**Task statement**
Beginning with the line that contains "Edamame asados", transcribe the rest of the listing below exactly, including its last line, and exclude any pictures.

**Dataset entries**
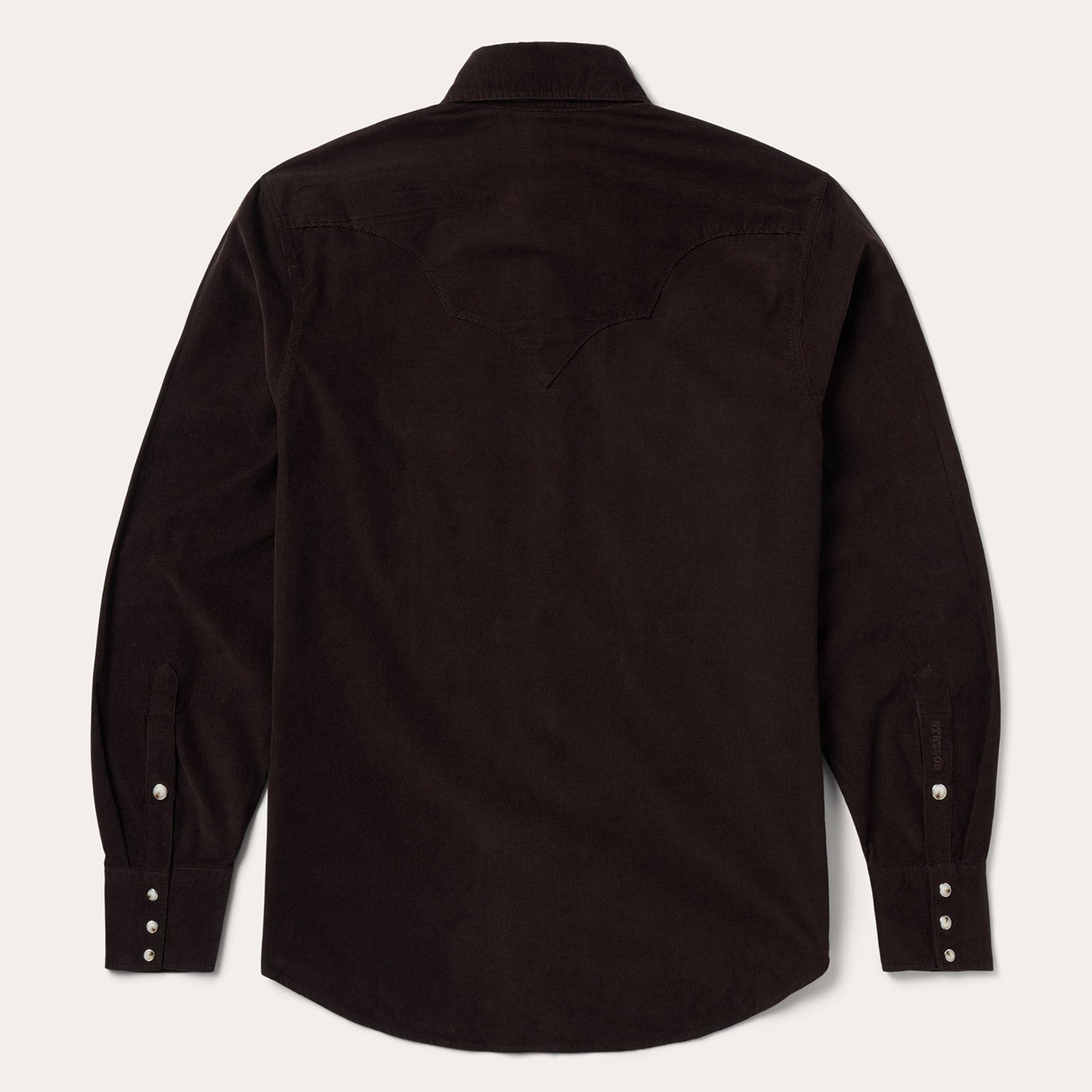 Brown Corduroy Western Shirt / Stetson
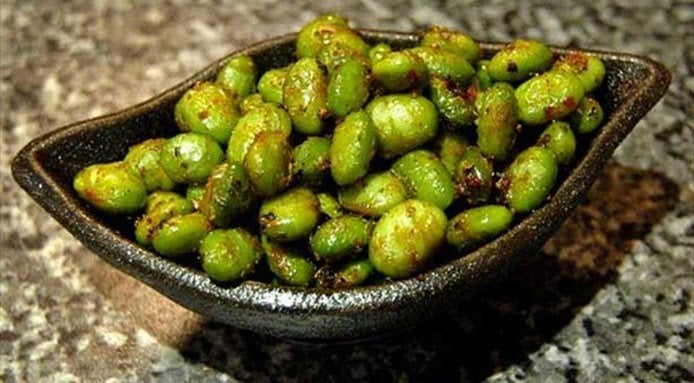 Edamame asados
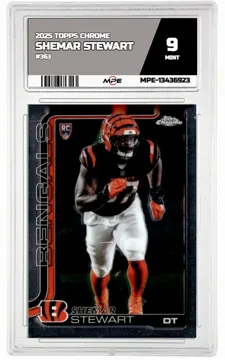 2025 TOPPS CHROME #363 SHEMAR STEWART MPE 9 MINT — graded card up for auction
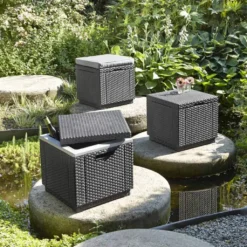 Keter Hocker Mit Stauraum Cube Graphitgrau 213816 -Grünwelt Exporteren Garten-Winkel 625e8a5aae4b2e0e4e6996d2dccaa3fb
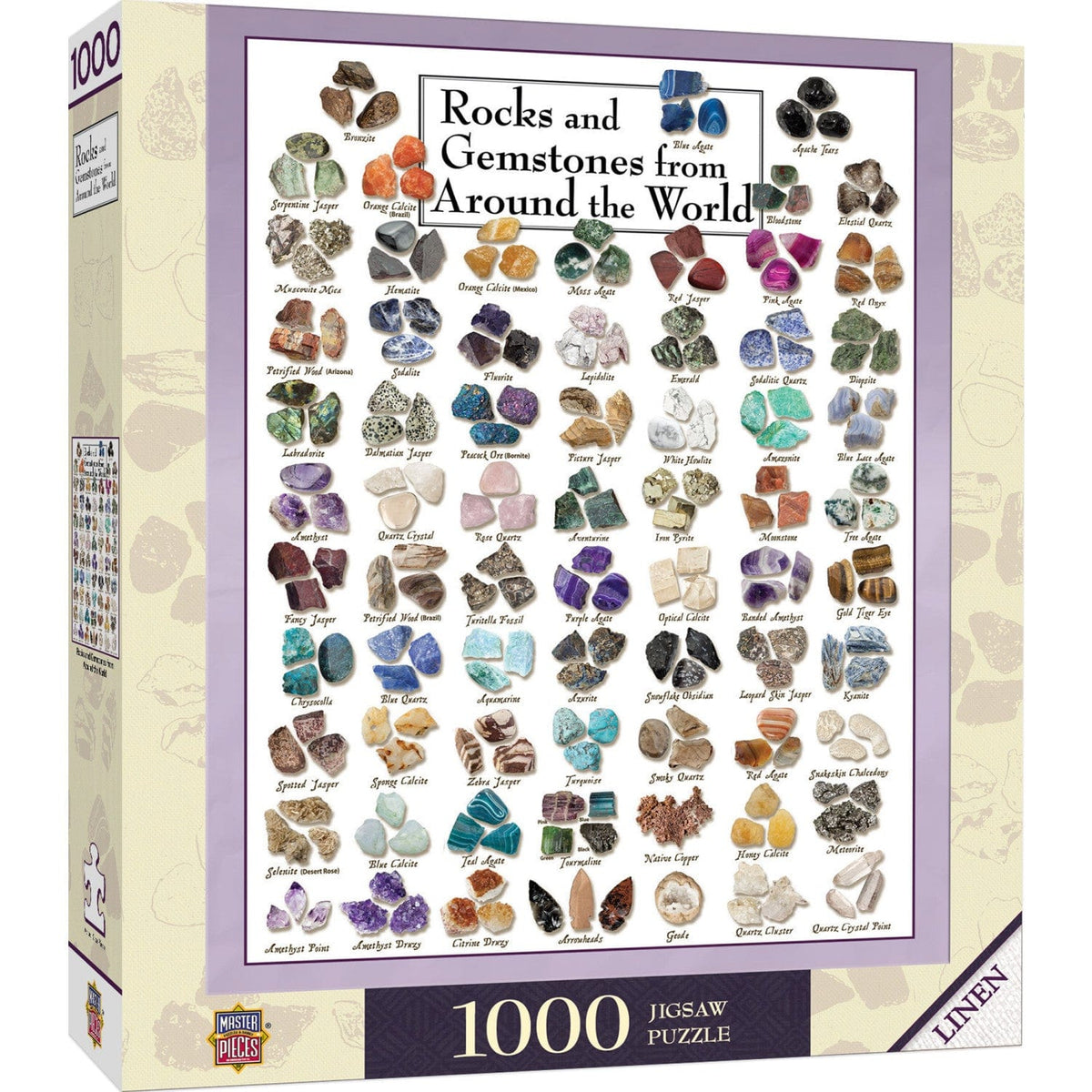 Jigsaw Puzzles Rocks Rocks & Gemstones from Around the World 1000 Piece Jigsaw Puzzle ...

**Answer to this problem**
 Edamame asados
 2025 TOPPS CHROME #363 SHEMAR STEWART MPE 9 MINT — graded card up for auction
 Keter Hocker Mit Stauraum Cube Graphitgrau 213816 -Grünwelt Exporteren Garten-Winkel 625e8a5aae4b2e0e4e6996d2dccaa3fb
 Jigsaw Puzzles Rocks Rocks & Gemstones from Around the World 1000 Piece Jigsaw Puzzle ...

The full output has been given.